Slide rule fans: have you ever seen one with two cursors and a second sliding rule? This odd sliderule illustration was on the cover of Astounding Science Fiction, May 1951 https://archive.org/details/Astounding_v47n03_1951-05_Sam_Hall/mode/2up
@th Sliderule Multiprocessing (SMP) :O
@th Xzibit's sliderule 
@th I've seen one with one cursor and an inner slide like yours. I don't remember what the special purpose was, or whether it was just missing the second cursor
@th
I never saw that kind of second slider indicator.
@th one of my father's sliding rules is like this, I have it somewhere...
@th Only in books about slide rules. I've never actually seen or used one.
@th It kinda looks like that rule is for unit conversions? So maybe to support a->b with regular C/D scales and multiple b->c conversions where you don't want to lose your original calculations?
@th Oh, that magazine is sci-fi. Perhaps it's just invented to look fancier and more complicated.
@th Astounding indeed.

@th My best guess is that this was done to make a longer rule more compact. I.e., you first extend the nested rule, then use that and the slider as normal.

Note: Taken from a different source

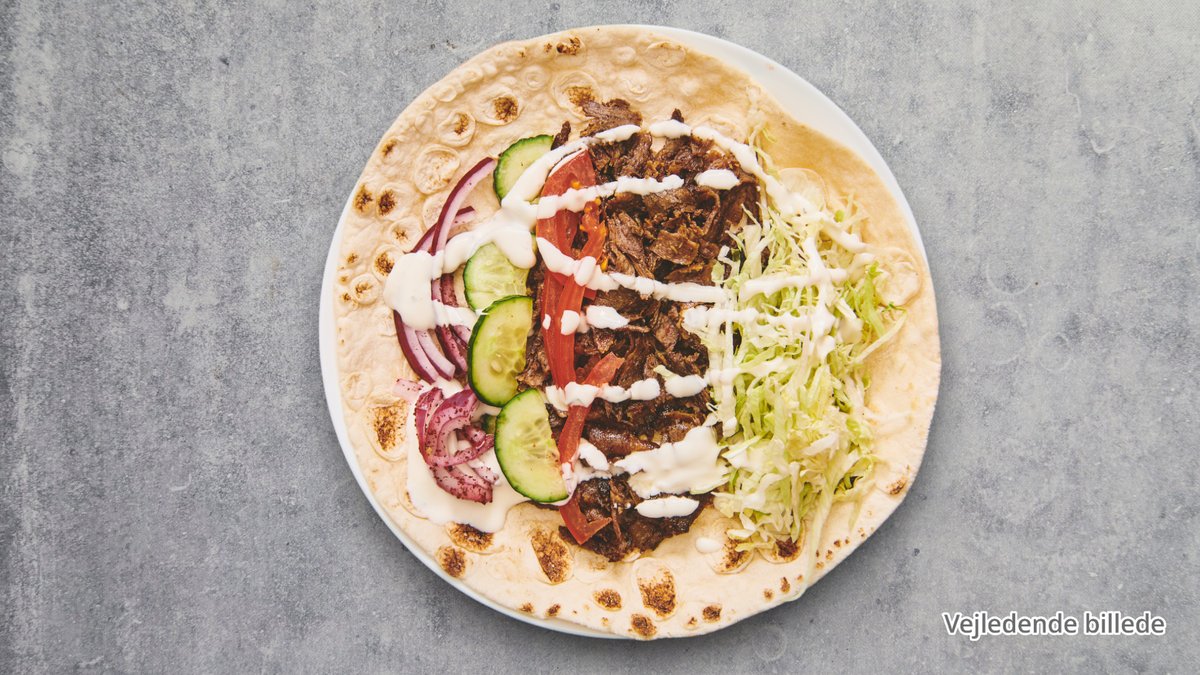 Nr. 65 Durum falafel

If someone has a reference to something like this in reality, I'd be interested in seeing that.

@th An astrophysicist I knew had an old one with both the double slides and double cursors.

But otherwise I´ve only ever seen them in books or magazines.

@th I used to have a few similar ones for calculating feeds and speeds rather than general math. They were intriguing but in practice I mostly used a computer.
@ginabythebay were they linear or circular rules? I've seen round ones with three wheels for specialized computation like IBU.
@th I had some round ones and some linear ones. I am kind of fascinated by sliderules and picked up a selection from ebay.